The 3D works against you. The guy sitting next to me went out to change his glasses three times before giving up and never coming back. (He wasn’t as middle class as I am and didn’t care about disturbing the audience.) To say that the 3D makes much of the imagery turbid is the least of its problems — your movie is no Gravity. It feels like Marvel twisted your arm over this. But thanks for making my mind up: I’m not seeing another movie in 3D unless it is another Gravity. Why the fuck am I wearing those clunky glasses I can never forget I’m wearing when they add nothing to the experience?
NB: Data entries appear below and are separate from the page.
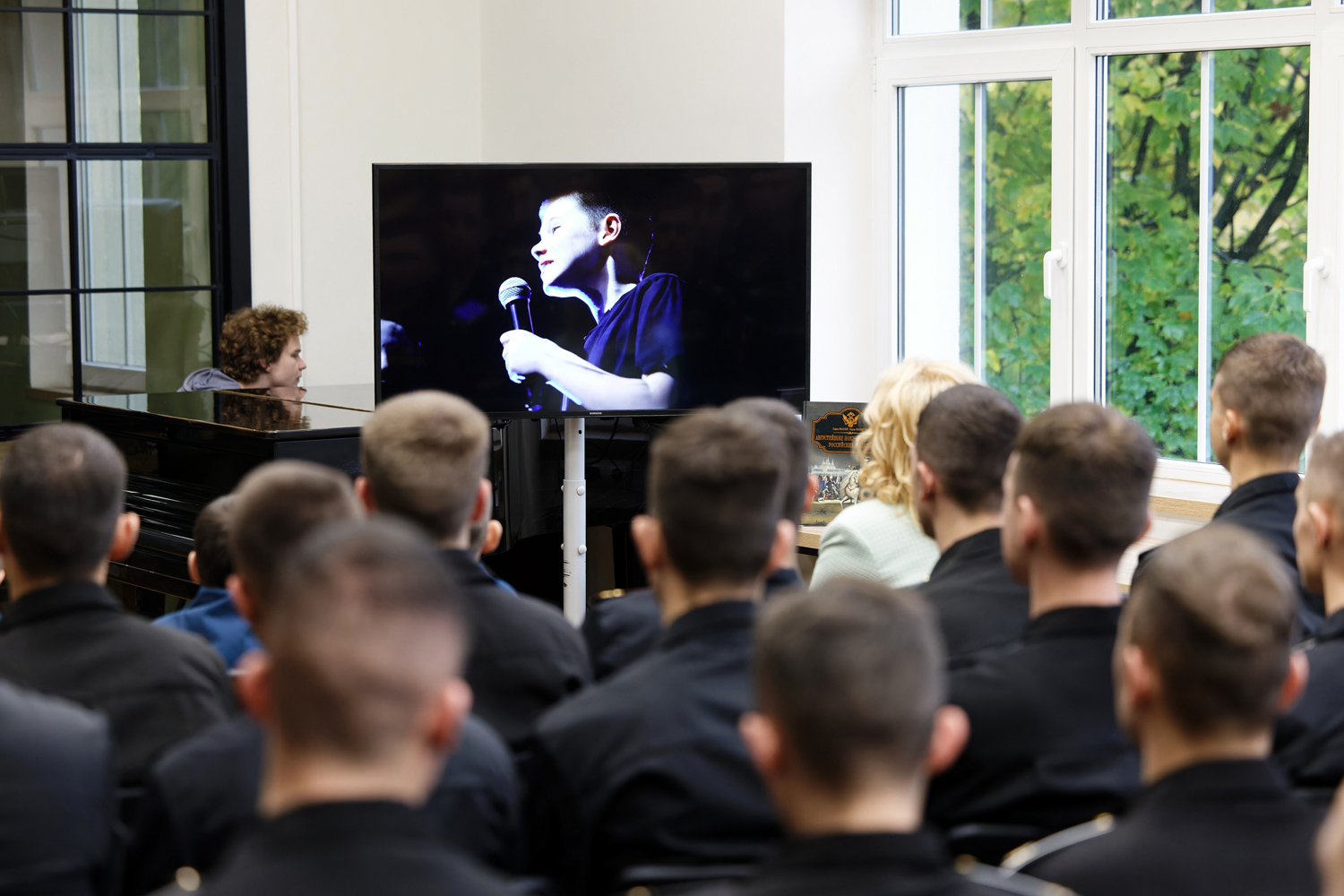 Искусство побеждать: в библиотеке прошла встреча с Ольгой Фаллер, начальником отдела культурных программ Департамента культуры Министерства обороны РФ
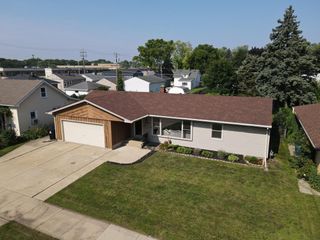 2906 Blaine AVENUE, Racine, WI 53405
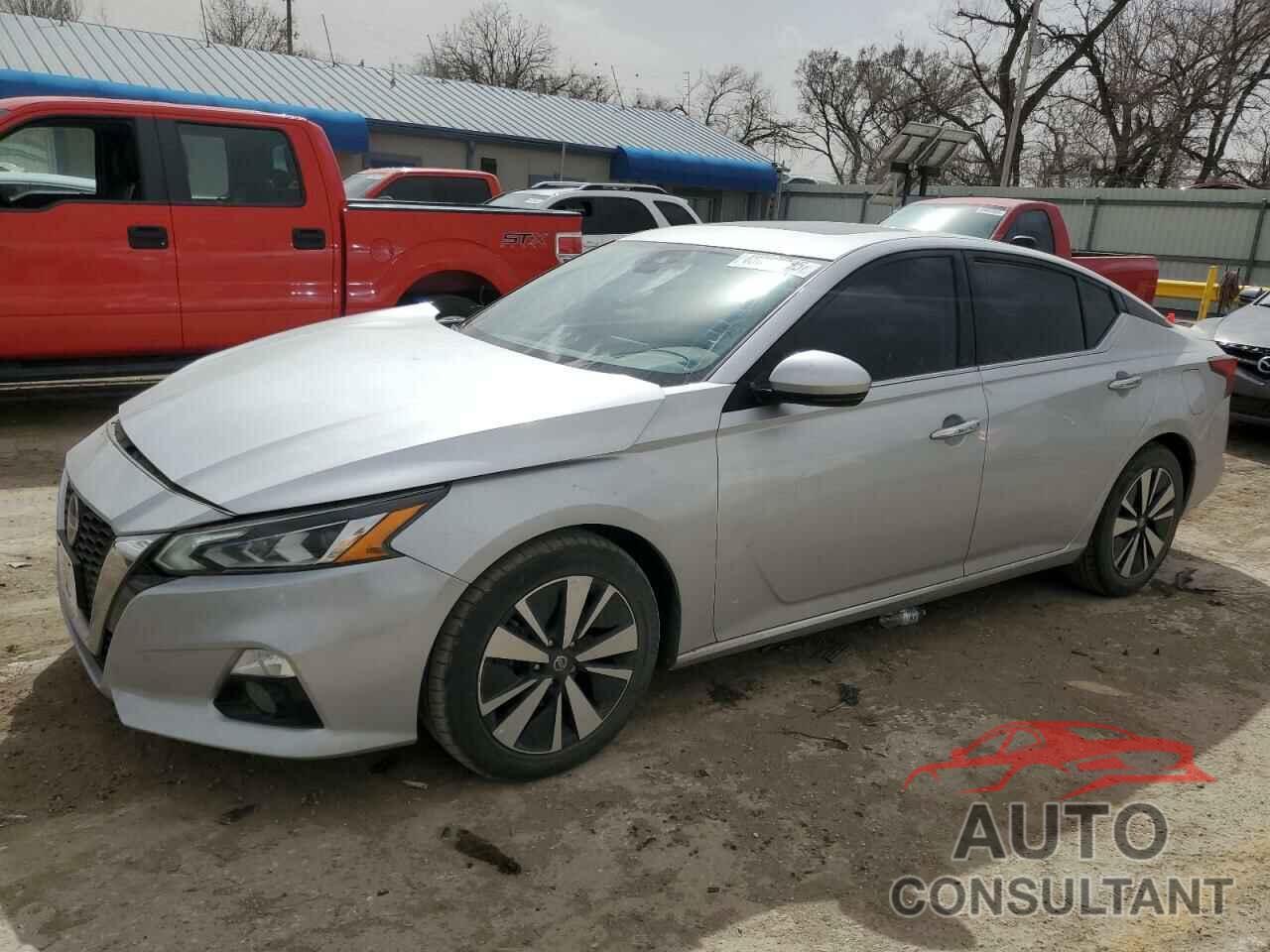 NISSAN ALTIMA 2019 - 1N4BL4DV9KC124160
I could use that extra $3.50 towards another mango jalapeño chicken sausage baguette.
The most effective element of your movie, Mark, is the casting, and I’m sure you’ve heard that over and over. With this performance, Andrew Garfield proves that he is the most Christlike of the better actors of his generation: he can rise above dead action and walk on watery dialogue. Emma Stone is her usual self, no acting necessary. Mark, you are very lucky that Stone and Garfield are in love in real life; their dynamic comes across on the screen in a palpable way, another one of those touches of realism that help support your uncreative live-action cartoon junk. It’s such a pity their dynamic is wasted on this; I hope the relationship lasts long enough to give us a Tracy and Hepburn collaboration in worthier fare.
It’s one of the unfairnesses of the movie world that The Raid 2 will only be shown in major cities when it should be given a greater screen saturation than The Amazing Spider-Man 2. If it were in English, it would be the sleeper hit of the year. Sadly, it’s in Indonesian with no white people in sight, which is just another testament to Gareth Evans’ ballsiness, to the singularity of his vision and passion.
Unfortunately, most moviegoers agree with my British barfly celeb wrangler about blockbusters, and that’s why they will continue being made. I had a moment of delusion leaving your film, Mark, and imagined a world where finally people demanded a certain level of entertainment from the studios that would stop them making this sort of overblown pabulum. Let them eat hotdogs all they want. I’ll stick to my chicken sausage baguette.